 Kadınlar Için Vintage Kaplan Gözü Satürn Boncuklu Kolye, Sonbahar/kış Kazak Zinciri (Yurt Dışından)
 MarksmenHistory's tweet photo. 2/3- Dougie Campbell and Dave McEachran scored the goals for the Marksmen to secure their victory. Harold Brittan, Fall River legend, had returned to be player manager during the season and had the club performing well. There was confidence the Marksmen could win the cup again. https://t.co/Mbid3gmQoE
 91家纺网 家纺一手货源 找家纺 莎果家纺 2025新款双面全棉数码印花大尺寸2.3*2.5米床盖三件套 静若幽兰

...

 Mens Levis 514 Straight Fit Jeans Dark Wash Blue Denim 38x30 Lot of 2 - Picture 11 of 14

==

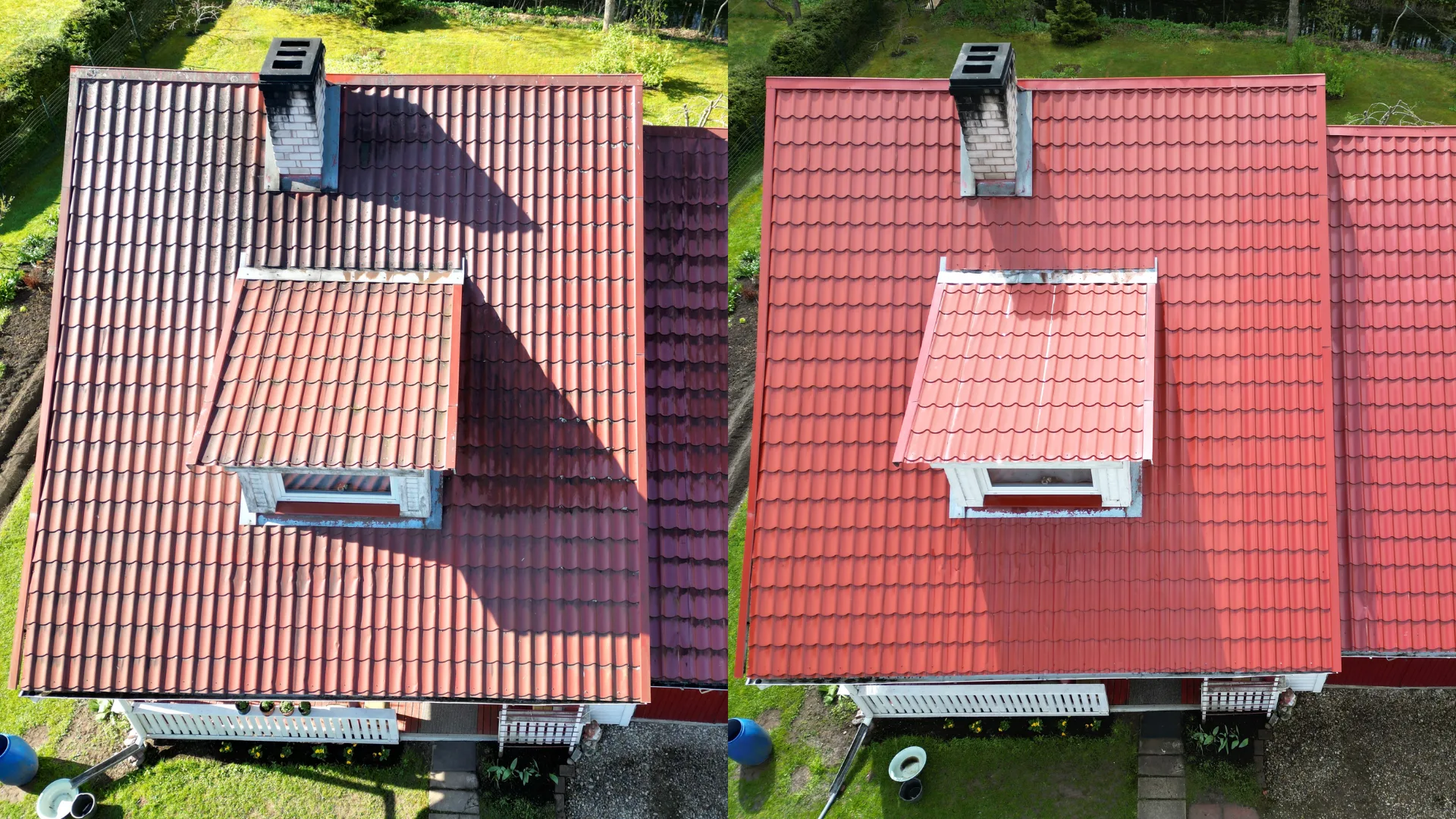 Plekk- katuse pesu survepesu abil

Exercise goal >>
Give back, unchanged, the run of lines in the listing above that begins at the line containing "Kadınlar Için Vintage" and ends at the line containing "91家纺网 家纺一手货源 找家纺", both included.

Response for this exercise >>
 Kadınlar Için Vintage Kaplan Gözü Satürn Boncuklu Kolye, Sonbahar/kış Kazak Zinciri (Yurt Dışından)
 MarksmenHistory's tweet photo. 2/3- Dougie Campbell and Dave McEachran scored the goals for the Marksmen to secure their victory. Harold Brittan, Fall River legend, had returned to be player manager during the season and had the club performing well. There was confidence the Marksmen could win the cup again. https://t.co/Mbid3gmQoE
 91家纺网 家纺一手货源 找家纺 莎果家纺 2025新款双面全棉数码印花大尺寸2.3*2.5米床盖三件套 静若幽兰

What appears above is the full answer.